Looks good.  I wouldn't put a setscrew. I would put a tack weld on each end so the bar won't come out. I usually pull the bar to one side for extra leverage when tightening.


----------



## Uglydog (Dec 14, 2015)

I like the heavy knurl, as I've never tried that.
Never had any luck with the two key method, as the single key has worked well for me.

Daryl
MN


----------



## chip maker (Dec 15, 2015)

If the bars are not to loose in the holes you could knerl the bars in the center and than just tap them into the body with a hammer. I have done this a few times and works well. In the future you can always tap them out if you want to change something. I got the idea from some old chrome T-Handle valve cover holders from a long time ago.


----------



## Navy Chief (Dec 15, 2015)

Nice work, it reminds me that I need to get busy on making a set myself.


----------



## MozamPete (Dec 15, 2015)

I made a couple very similar and they worked great until I went to use them to reverse the jaws in the 4 jaw chuck.  As the jaw started to come out of the chuck I found the body of the chuck key was too large in diameter for the jaw to pass.  Ended up having to make the small diameter at the square end of the key come up about half way along the key length. Just something to check.

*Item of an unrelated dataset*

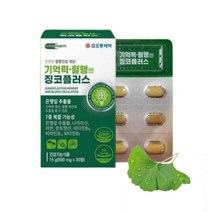 혈액순환 기억력 징코플러스 은행잎추출물 뇌 영양제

p.s. I just knurled the middle section of the handle and press fitted it into the body to fix it.  A possible alternative to a set screw or tack welding


----------



## mzayd3 (Dec 15, 2015)

Nice knurls!!!

I knurled the center of mine as well, but only because I missed my number.

Sent from my iPhone using Tapatalk


----------



## A618fan2 (Dec 17, 2015)

Knurly dude! Nice work.


----------